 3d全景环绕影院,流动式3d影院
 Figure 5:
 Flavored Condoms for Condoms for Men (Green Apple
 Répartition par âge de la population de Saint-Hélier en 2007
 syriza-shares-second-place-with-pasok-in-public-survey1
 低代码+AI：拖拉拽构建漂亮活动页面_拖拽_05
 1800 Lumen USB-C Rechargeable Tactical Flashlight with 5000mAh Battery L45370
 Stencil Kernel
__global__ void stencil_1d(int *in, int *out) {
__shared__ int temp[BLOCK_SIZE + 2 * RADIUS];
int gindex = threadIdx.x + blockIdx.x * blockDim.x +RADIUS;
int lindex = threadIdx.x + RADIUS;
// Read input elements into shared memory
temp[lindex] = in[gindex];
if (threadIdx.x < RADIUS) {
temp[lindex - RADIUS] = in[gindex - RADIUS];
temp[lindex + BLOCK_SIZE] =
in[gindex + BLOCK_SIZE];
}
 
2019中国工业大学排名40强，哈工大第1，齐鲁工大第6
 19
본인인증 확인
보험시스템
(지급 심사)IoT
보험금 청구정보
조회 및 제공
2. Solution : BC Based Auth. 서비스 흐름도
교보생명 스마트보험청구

========================================================================

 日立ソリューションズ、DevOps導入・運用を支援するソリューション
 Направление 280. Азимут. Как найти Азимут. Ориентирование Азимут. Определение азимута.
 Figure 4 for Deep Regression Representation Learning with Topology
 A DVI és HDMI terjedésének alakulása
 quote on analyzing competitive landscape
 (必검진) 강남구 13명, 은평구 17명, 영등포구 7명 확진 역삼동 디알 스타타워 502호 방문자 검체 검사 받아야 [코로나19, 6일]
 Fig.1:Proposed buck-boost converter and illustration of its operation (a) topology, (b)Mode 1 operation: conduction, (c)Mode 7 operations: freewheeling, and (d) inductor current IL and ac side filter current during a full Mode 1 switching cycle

========================================================================

■ PROBLEM DETAILS ■
Starting at the line that has "temp[lindex] = in[gindex];" and ending at the line that has "교보생명 스마트보험청구", please write out the lines above exactly, leaving out all others.

■ TASK ANSWER ■
temp[lindex] = in[gindex];
if (threadIdx.x < RADIUS) {
temp[lindex - RADIUS] = in[gindex - RADIUS];
temp[lindex + BLOCK_SIZE] =
in[gindex + BLOCK_SIZE];
}
 
2019中国工业大学排名40强，哈工大第1，齐鲁工大第6
 19
본인인증 확인
보험시스템
(지급 심사)IoT
보험금 청구정보
조회 및 제공
2. Solution : BC Based Auth. 서비스 흐름도
교보생명 스마트보험청구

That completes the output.